**TASK TO CARRY OUT**
Using the records below, transcribe exactly only the lines from the one with "image 1 of Outsunny" through the end, both included, and drop every picture.

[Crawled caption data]
# # # # #

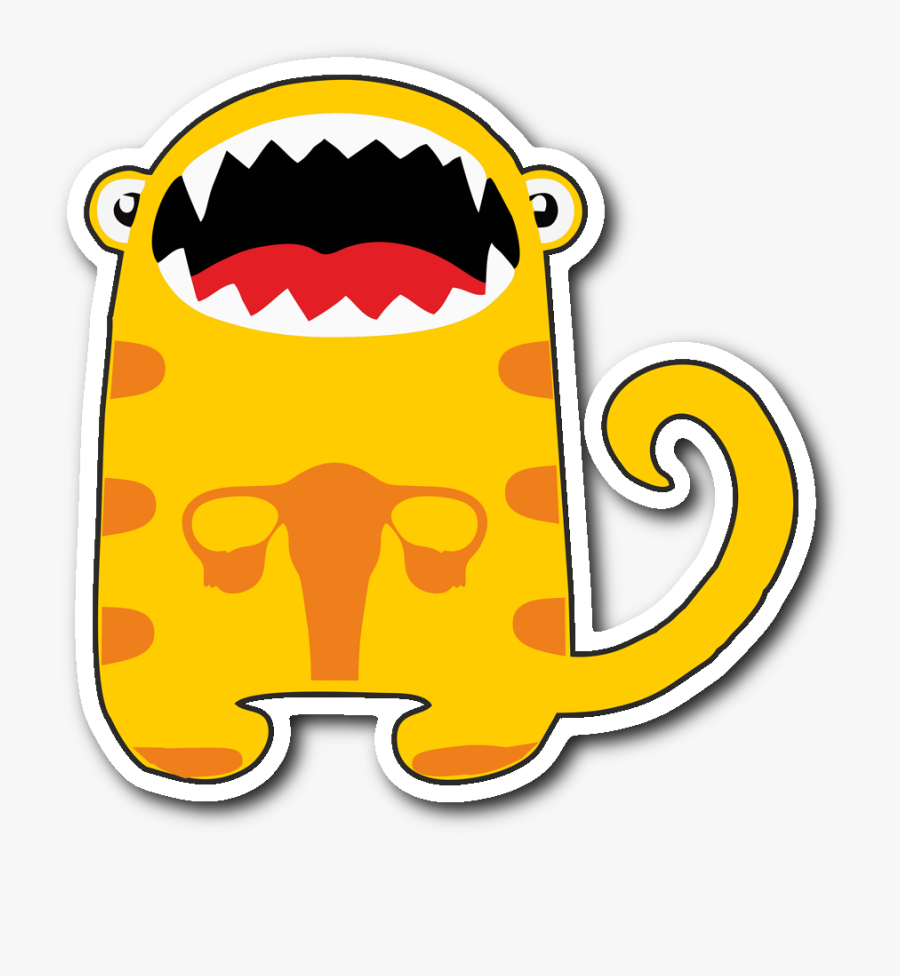 Endometriosis Monster Sticker, Transparent Clipart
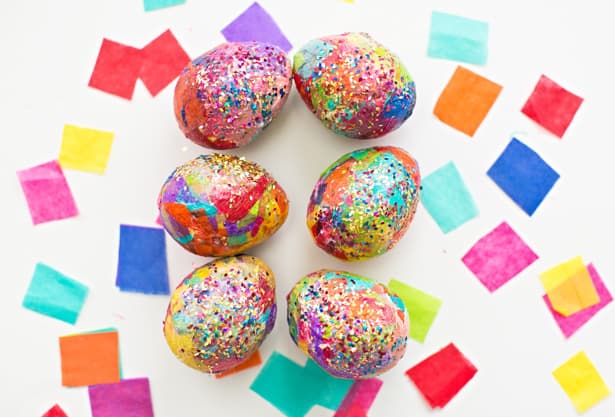 SPARKLY DIY GLITTER AND TISSUE PAPER EASTER EGGS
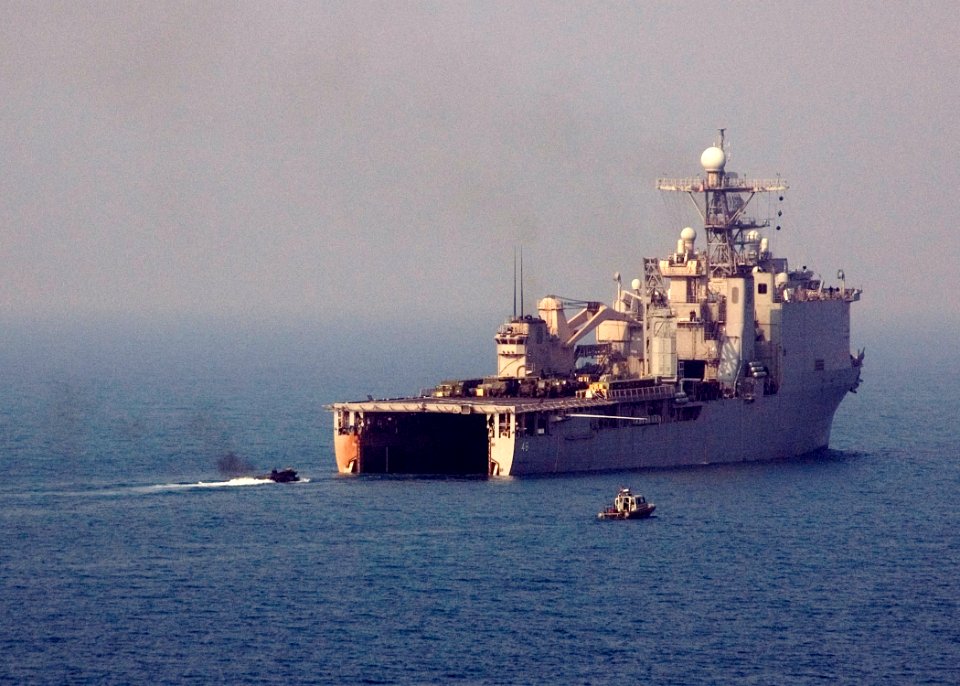 US Navy 090211-N-1251W-033 An amphibious assault vehicle approaches the stern of USS Tortuga (LSD 46)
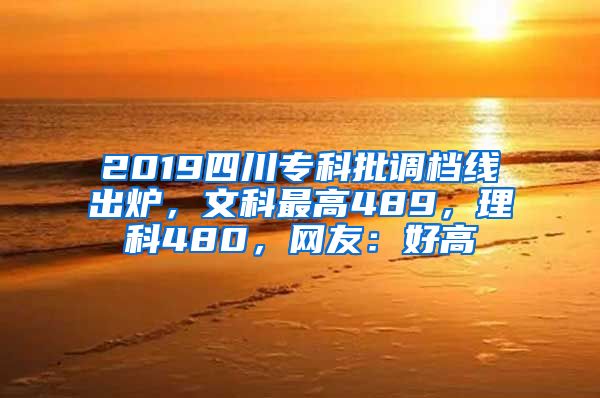 2019四川专科批调档线出炉，文科最高489，理科480，网友：好高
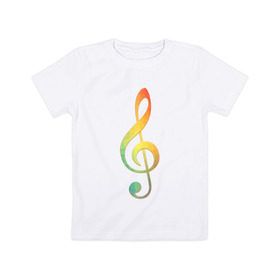 Детская футболка хлопок с принтом Скрипичный ключ, цветной. в Петрозаводске, 100% хлопок | круглый вырез горловины, полуприлегающий силуэт, длина до линии бедер | ключ | музыкальний ключ | скрипка
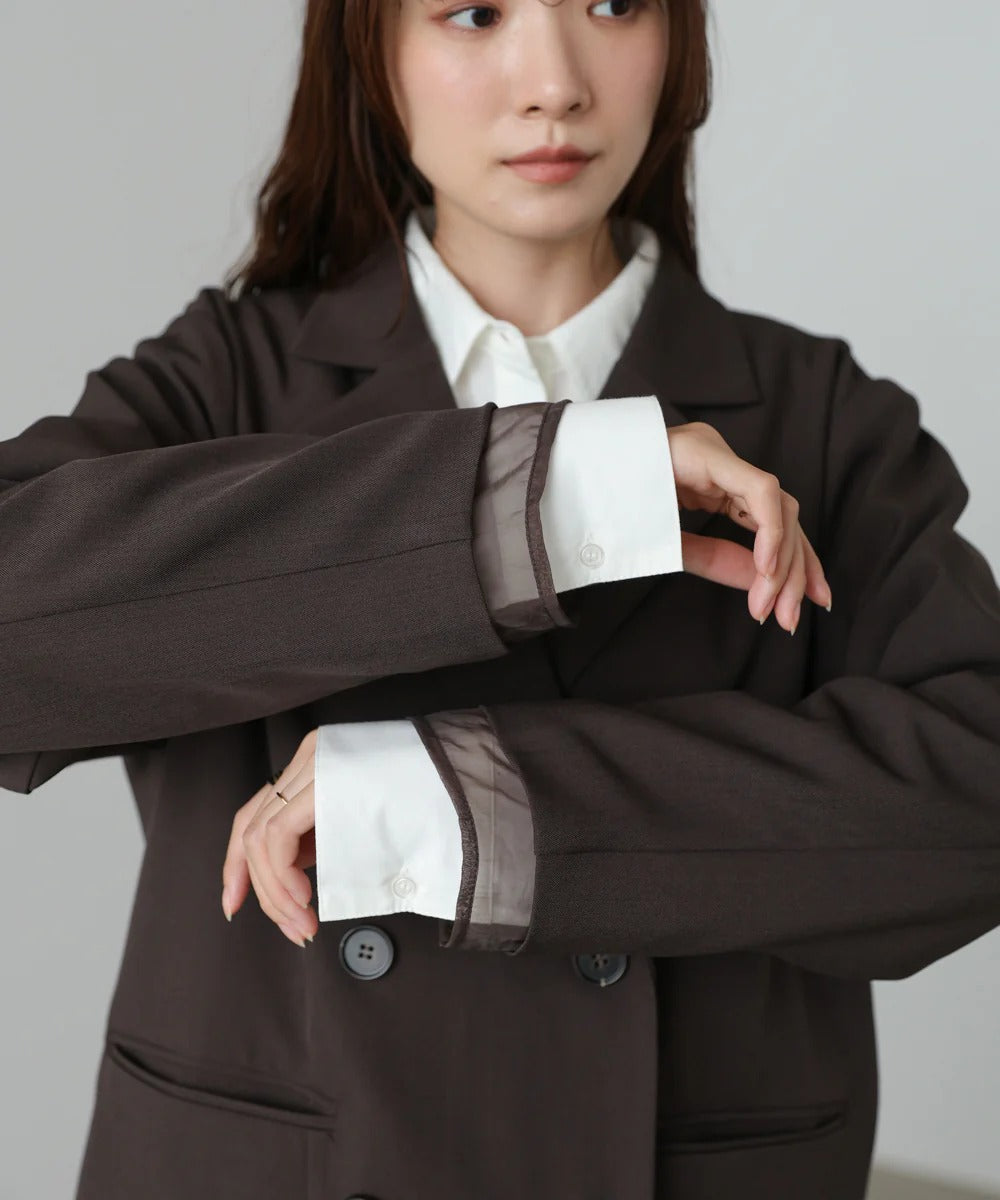 Bab Sheer Double-Breasted Tailored Jacket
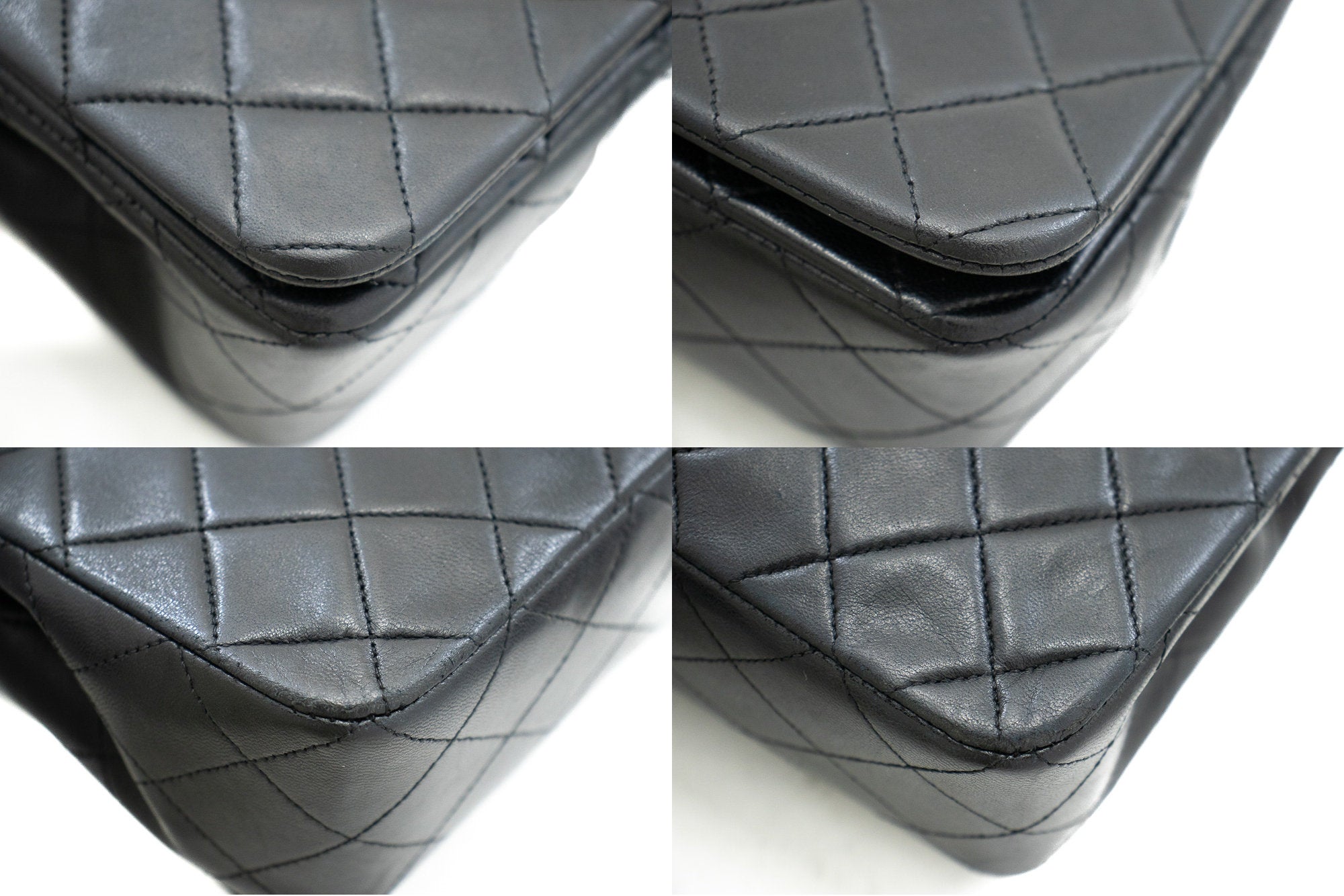 CHANEL Full Flap Chain Shoulder Bag Black Quilted Lambskin Leather j95
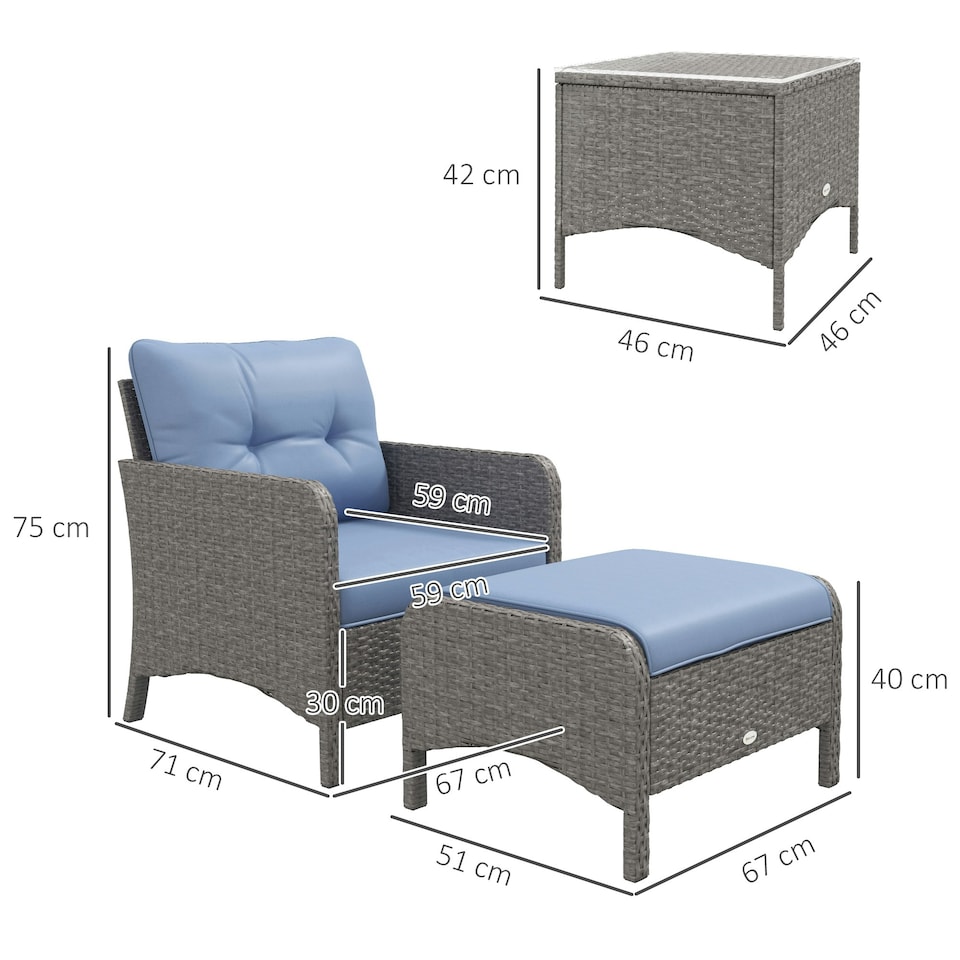 image 1 of Outsunny 5 Pieces Outdoor Patio Furniture Set Wicker Conversation Set Blue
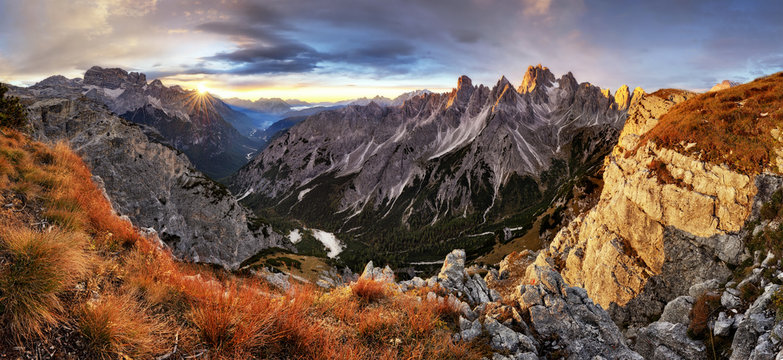 Beautiful summer landscape in the mountains with the sun at dawn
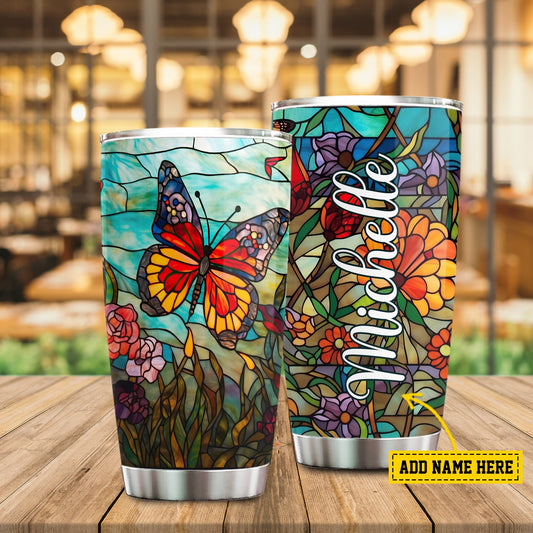 Stained Glass Serenity, Butterfly Personalized Stainless Steel Tumbler, Tumbler Gifts For Butterfly Lovers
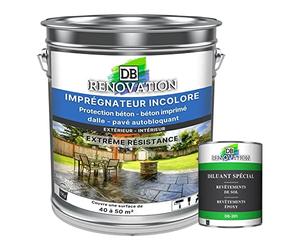 DB Rénovation Vernis de protection sol béton, pierre pour Terrasse, façade - Imperméabilisant, Hydrofuge, Anti-tâche - Incolore 5 KG + 1L Diluant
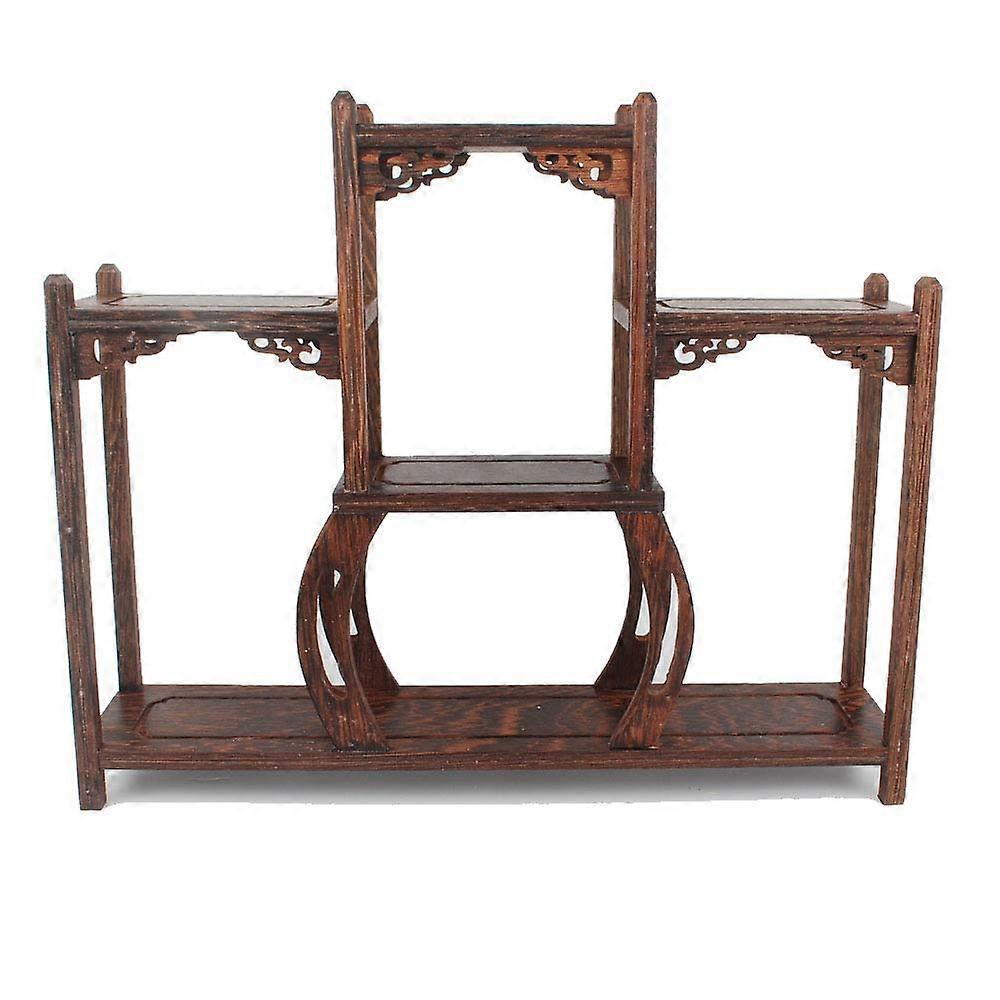 Chinese Wooden Assemble Display Stand Symmetric Short Floor Curio Cabinets Shelf Model 3
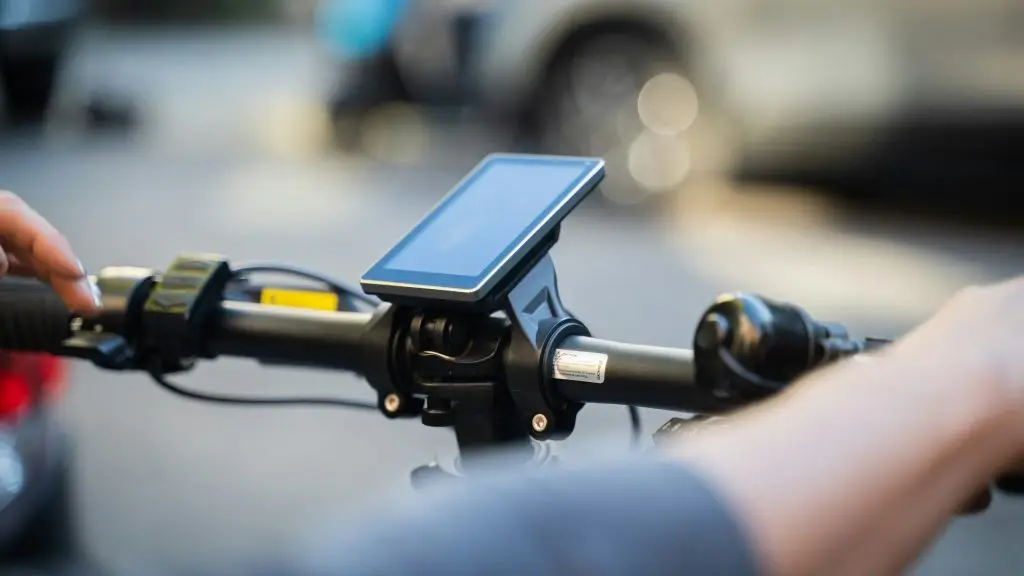 a satnav on a bike showing management accounts being using as a map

# # # # #

**YOUR SOLUTION**
 image 1 of Outsunny 5 Pieces Outdoor Patio Furniture Set Wicker Conversation Set Blue
 Beautiful summer landscape in the mountains with the sun at dawn
 Stained Glass Serenity, Butterfly Personalized Stainless Steel Tumbler, Tumbler Gifts For Butterfly Lovers
 DB Rénovation Vernis de protection sol béton, pierre pour Terrasse, façade - Imperméabilisant, Hydrofuge, Anti-tâche - Incolore 5 KG + 1L Diluant
 Chinese Wooden Assemble Display Stand Symmetric Short Floor Curio Cabinets Shelf Model 3
 a satnav on a bike showing management accounts being using as a map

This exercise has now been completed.